Try the Navier Stokes equation, I believe if you can prove that in three dimensions solutions always exist (existence), or that if they do exist they do not contain any infinities, singularities or discontinuities (smoothness) you get a nice amount of cash. It's a complicated partial differential.

And no I wouldn't dream of trying it myself.

http://en.wikipedia.org/wiki/Navier-Stokes_equations

Even though turbulence is an everyday experience, it is extremely difficult to find solutions, quantify, or in general characterize. A US\$1,000,000 prize was offered in May 2000 by the Clay Mathematics Institute to whoever makes preliminary progress toward a mathematical theory which will help in the understanding of this phenomenon.

The numerical solution of the Navier–Stokes equations for turbulent flow is extremely difficult, and due to the significantly different mixing-length scales that are involved in turbulent flow, the stable solution of this requires such a fine mesh resolution that the computational time becomes significantly infeasible for calculation (see Direct numerical simulation).
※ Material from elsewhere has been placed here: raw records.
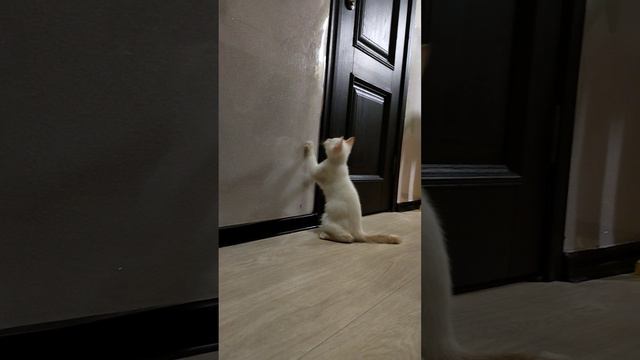 Настойчивый кот и пластиковая стена.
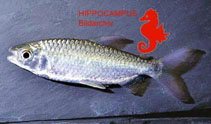 Image of Brycinus humilis 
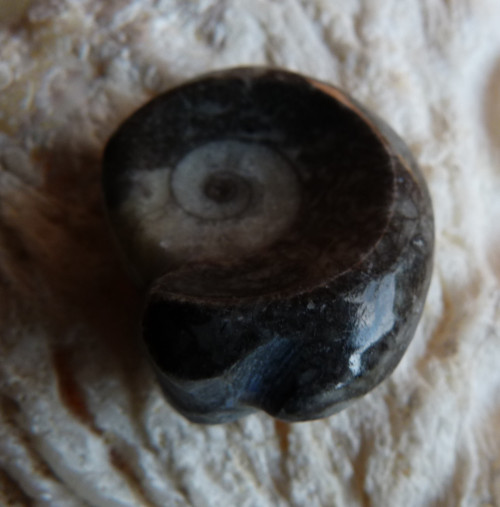 Goantit - 2,7 cm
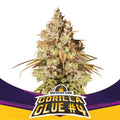 GORILLA GLUE N4 FEM X2-BSF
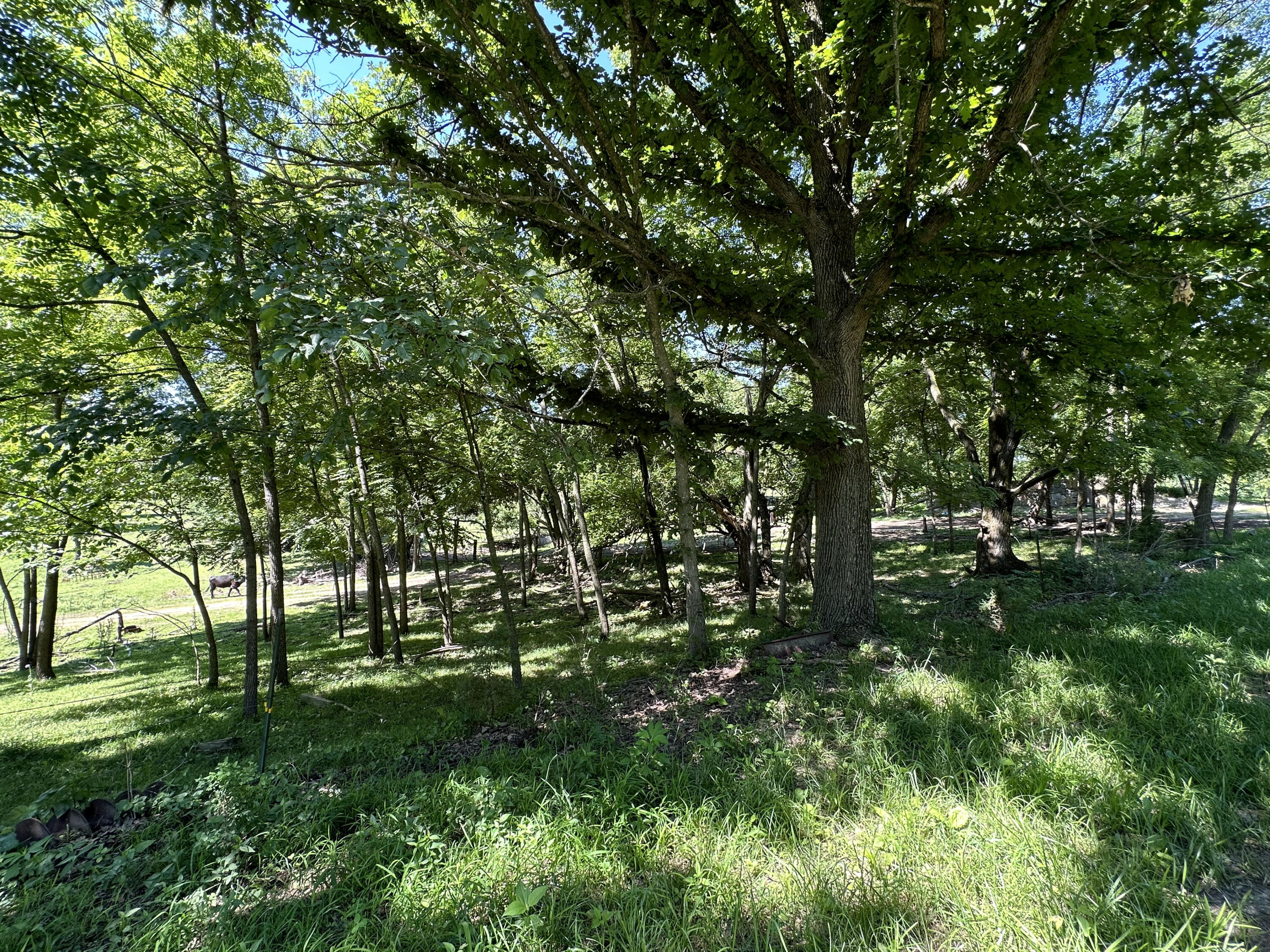 Photo 13 - Farm for sale – 443  Marsha Road  Billings, MO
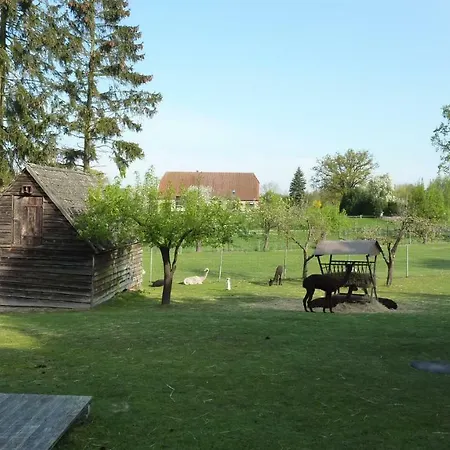 Alpakas Vom Schrödershof Schlackendorf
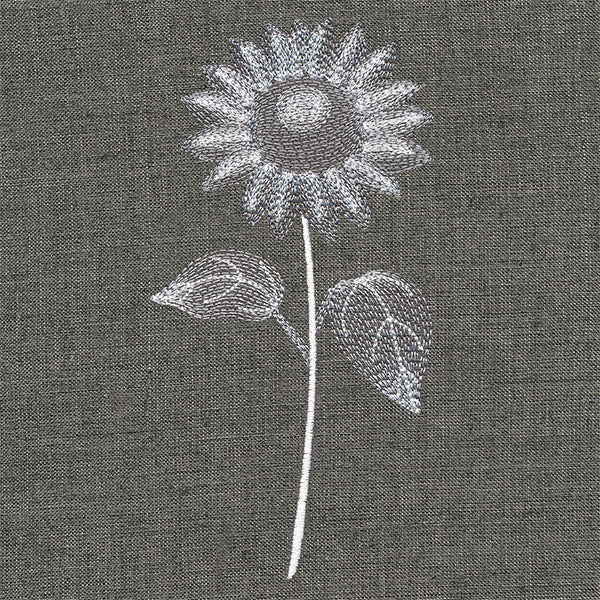 Sheer Beauty Botanicals - Sunflower - Image 4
Attempts to solve turbulent flow using a laminar solver typically result in a time-unsteady solution, which fails to converge appropriately. To counter this, time-averaged equations such as the Reynolds-averaged Navier-Stokes equations (RANS), supplemented with turbulence models (such as the k-ε model), are used in practical computational fluid dynamics (CFD) applications when modeling turbulent flows. Another technique for solving numerically the Navier–Stokes equation is the Large-eddy simulation (LES). This approach is computationally more expensive than the RANS method (in time and computer memory), but produces better results since the larger turbulent scales are explicitly resolved.
Many differentials have no exact solution and other methods have to be used to approximate them, a good example is the non-linear equations that regulate the position systems on GPS Satellites, taking account of signal time at c.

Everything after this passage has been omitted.